Dans un genre qui n’a pas encore donné de véritables merveilles sur les plateformes de streaming, la SF intelligente, The Peripheral place une première saison très plaisante, parfois impressionnante, à laquelle ne manque qu’un scénario mieux écrit.
Il y a au générique de The Peripheral (soit en français Périphériques, les Mondes de Flynne) une bonne et une mauvaise nouvelle : la bonne, c’est évidemment le nom de William Gibson, remarquable écrivain de Science-Fiction, encore peu adapté au cinéma ou en série TV, qui fait que tous les fans du genre ne pouvaient que trépigner de joie à la perspective de cette nouvelle série… ou au contraire, redouter le pire. Car la mauvaise nouvelle, c’est d’y trouver aussi le nom de l’ineffable Jonathan Nolan en tête de la liste des producteurs exécutifs ! L’homme incapable de raconter clairement la moindre histoire, y compris la plus simple, risquant de commander l’adaptation de l’un des auteurs les plus complexes qui soit… Heureusement, Amazon Studios a eu l’intelligence de nommer Scott B. Smith – l’auteur du renommé Un Plan Simple mis en scène par Sam Raimi – comme showrunner de cette série ambitieuse, potentiellement prestigieuse, nécessitant une débauche d’effets spéciaux.
Pour ceux qui ne connaîtraient pas William Gibson, tête de file du mouvement « cyperpunk », ses romans traitent régulièrement de l’évolution de la technologie et de son impact sur la société, mais surtout sur l’être humain lui-même. Dans The Peripheral, premier volume d’une trilogie intitulée Jackpot (le nom donné par Gibson à une fin du monde résultant de la convergence statistiquement improbable de plusieurs évènements destructeurs), une jeune femme, Flynne, vit avec son frère ex-marine, en pleine Amérique profonde dans un futur proche de nous. Elle se voit projetée dans un avenir lointain, post-apocalyptique, par le biais d’une technologie déguisée en réalité virtuelle pour jeux vidéos : elle se retrouve impliquée dans une guerre sans merci entre un mafieux russe impitoyable, Lev, et une entreprise toute-puissante dans le domaine de de la recherche, R.I.

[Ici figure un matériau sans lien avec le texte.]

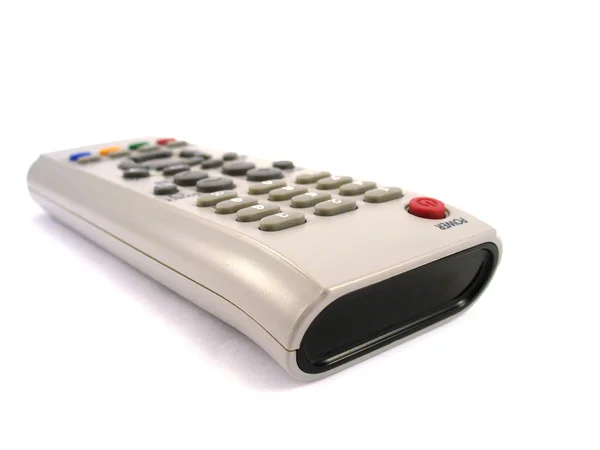 Tv remote — Stock Photo, Image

Ce qui va fâcher les fans de l’œuvre originale, ce sont les nombreuses simplifications et déviations opérées par les scénaristes de The Peripheral, vis-à-vis du roman de Gibson, probablement inévitables étant donné la complexité de l’univers et des péripéties originales. Reste que le résultat n’est pas particulièrement clair pour autant, ce qui est quand même dommage, et s’avère le principal problème d’une série qui, pour le reste, coche toutes les bonnes cases.

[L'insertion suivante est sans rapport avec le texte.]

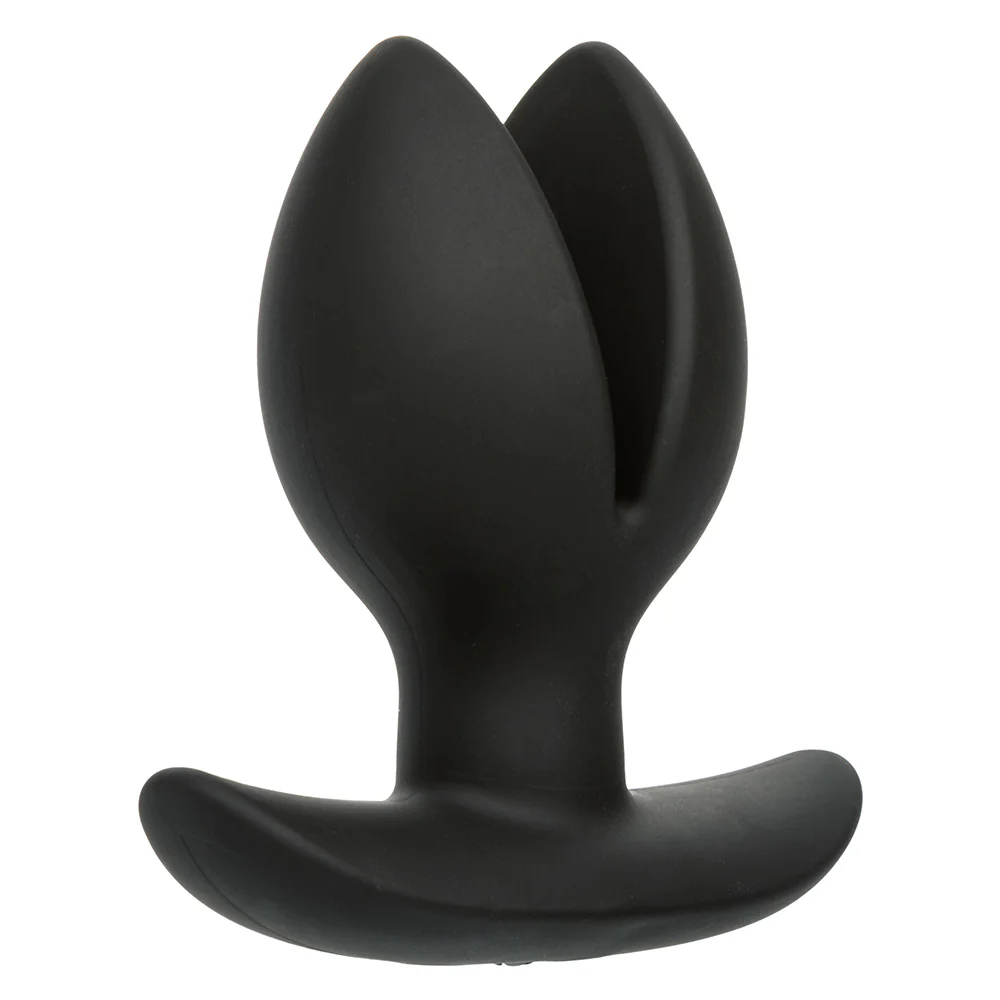Expandable Silicone Inflatable Butt Plug - Image 3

Visuellement, The Peripheral est absolument superbe, regorgeant de belles idées en termes de décors, et présentant une version très crédible d’un futur dévasté par une apocalypse qui s’est nourrie de toutes les menaces pesant sur nous (effondrement écologique, terrorisme, menace nucléaire, pandémies…), mais poursuivant néanmoins un développement technologique basé sur l’A.I. et la virtualité. La mise en scène, confiée en particulier sur 4 épisodes à un spécialiste de la SF « intelligente », Vincenzo Natali (Cube, Wayward Pines, Westworld, etc.), est très soignée, mais c’est l’interprétation qui s’avère le gros point fort de la série : la radieuse Chloë Grace Moretz semble enfin adulte, réalisant tout son potentiel d’adolescente-star, et forme avec Jack Reynor (Midsommar) un duo frère-sœur fonctionnant parfaitement, tandis que dans des rôles secondaires fondamentaux, T’nia Miller (Years & Years, Bly Manor, Sex Education) et Alexandra Billings (Transparent) composent toutes deux des personnages inoubliables.
Riche en scènes d’action détonantes, en particulier dans la partie se déroulant dans le monde « actuel », n’hésitant pas à dépeindre des personnages complexes, paradoxaux, jamais manichéens (comme le fascinant tueur à gages qui apparaît dans la seconde partie de la série, et qu’on adore haïr et craindre), The Peripheral est décidément une série de SF de haut niveau… qui pour s’épanouir dans une seconde saison, ne demandera que des scénaristes un peu plus… intelligents (?).